A Certain Smile
Judith Michael’s new book is about a clothing designer who goes to China on a business trip. In just a few weeks, love, and China, change her forever. In the nineteen eighties I traveled on business quite a bit and many of my trips were to China and Asia. For this reason, the premise of A Certain Smile intrigued me. I was not disappointed. The husband and wife writing team that makes up “Judith Michael” did their homework and did it well. Many of the people and conversations that crop in this book felt very familiar indeed and that made for an enjoyable read.
A Certain Smile opens when Miranda Graham and Yuan Li meet at Beijing Airport. Miranda is caught in the crush at a taxi stand and Li, seeing that she may never get a cab, shows her how to push her way through. Miranda is grateful but is surprised when Li suggests that they meet the next day before she goes to her business meetings. In the next few days Li can’t seem to see enough of her, and Miranda, a forty-year old widow and mother of two children, is wary of the attention. She soon learns, however, that the fifty-four year old Lee is the son of an American soldier stationed in China during World War II. For this reason Li speaks perfect English and has always wanted to know more about Americans.
Things initially go smoothly for the couple, who do a lot of sightseeing and plan a weekend trip to Xi’an. Then Miranda innocently delivers a letter given to her by a Chinese friend. This friend lives in Boulder, Colorado and left China after the Tienmien Square uprising. Miranda is so unaware of the realities of China that she has no idea of the ramifications of this errand.
It is Li who feels the brunt of her mistake. A successful businessman and engineer, he is called in for questioning about the American with whom he has been spending so much time. The plot thickens when Judith Michael introduces Li’s son Sheng. Sheng, a grown man, is involved in some underhanded business dealings and his partners are leaning on him to try to take over Li’s construction company. Soon there is a plot to take advantage of Li’s troubles.
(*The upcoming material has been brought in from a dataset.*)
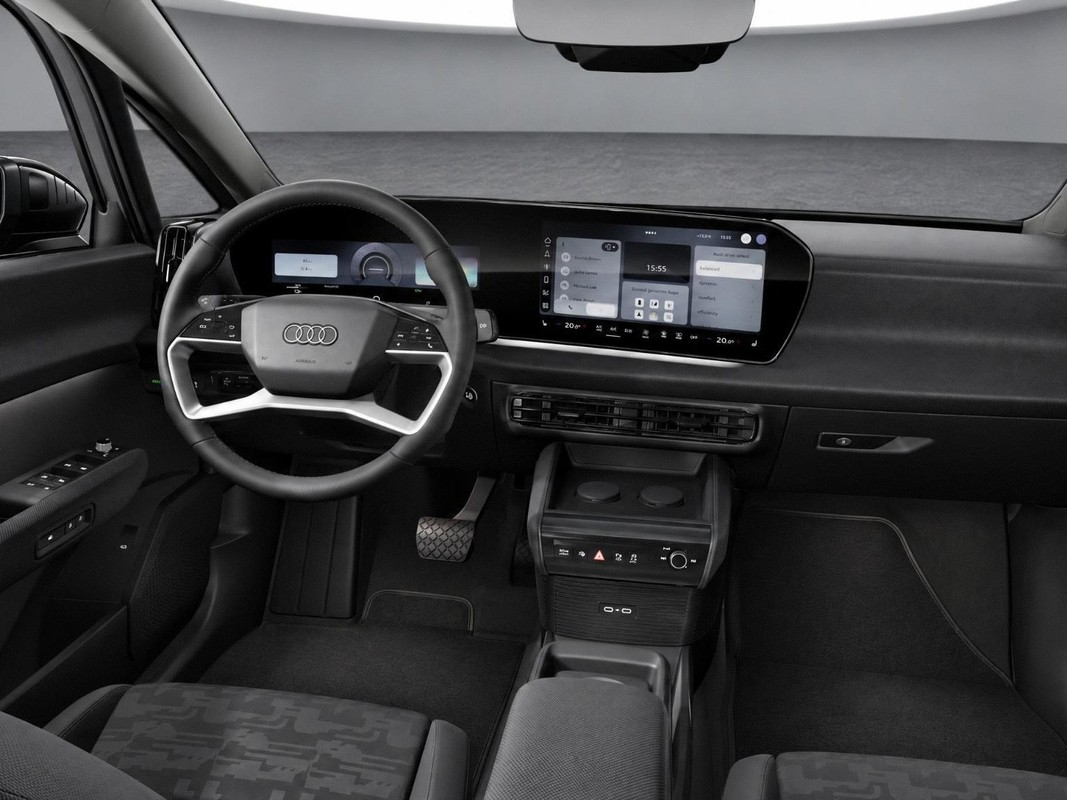 Audi A2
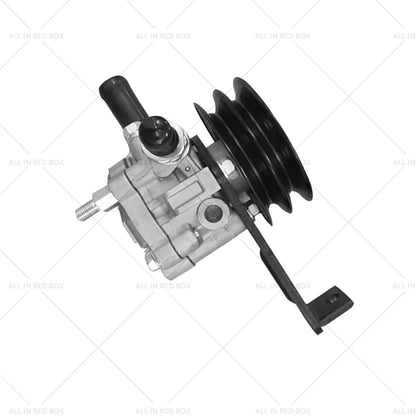 Power Steering Pump for Isuzu Elf, Bighorn, Trooper, MU (1986-2006)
I was on the lookout for mistakes in the tone of the conversations between the American and Chinese characters but found very few. The discussions between Li and Miranda comparing American and Chinese always ring true. Both occasionally fall into the trap of trying to defend all things Chinese and all things American. Miranda meets business people and, at first, is put off by their abruptness and, by American custom, lack of manners. The Chinese business people jump right into the problems with no time wasted on flattery or small talk. I know first hand that this is a shock to an American, in part because we have been taught to believe that it is Americans who are “too direct.” Miranda learns that China is not Japan and the Chinese have a different set of manners than the ones we anticipate.
Another good thing is that Judith Michael avoids the old James Clavell trap of racist stereotypes. The Chinese villains are not “inscrutable.” Furthermore Judith Michael gives us a pretty good explanation of how the system of crime works and how the government is as involved as anyone else in the corruption.
Ironically it was the American in the book, Miranda, who gave me the most trouble. Judith Michael makes her so ignorant of Chinese American relations, not to mention American history, that it can be annoying. When Miranda comes to China she keeps privately referring to the Chinese as “foreigners.” She tells Li that she has never heard of the orphans that American soldiers leave behind. Judith Michael, of course is making Miranda ignorant so that she can change. She does change but not before I was wondering what on earth Li saw in this hick.
Li is a delightful hero. Though he is thoroughly Chinese, he has always admired the romanticism of America. Not only does he fall in love with Miranda, he tells her right away with a sweetness that American women will envy.
A Certain Smile ends poignantly, rather than happily. Readers who demand a happy ending should take note. The ending is logical however, and underlines the point of the story which is the changes that love and China make in Miranda. At the end of the book Li tells Miranda that she has “a certain smile,” that she never had before. I closed the book with a few tears, very happy that I had read it.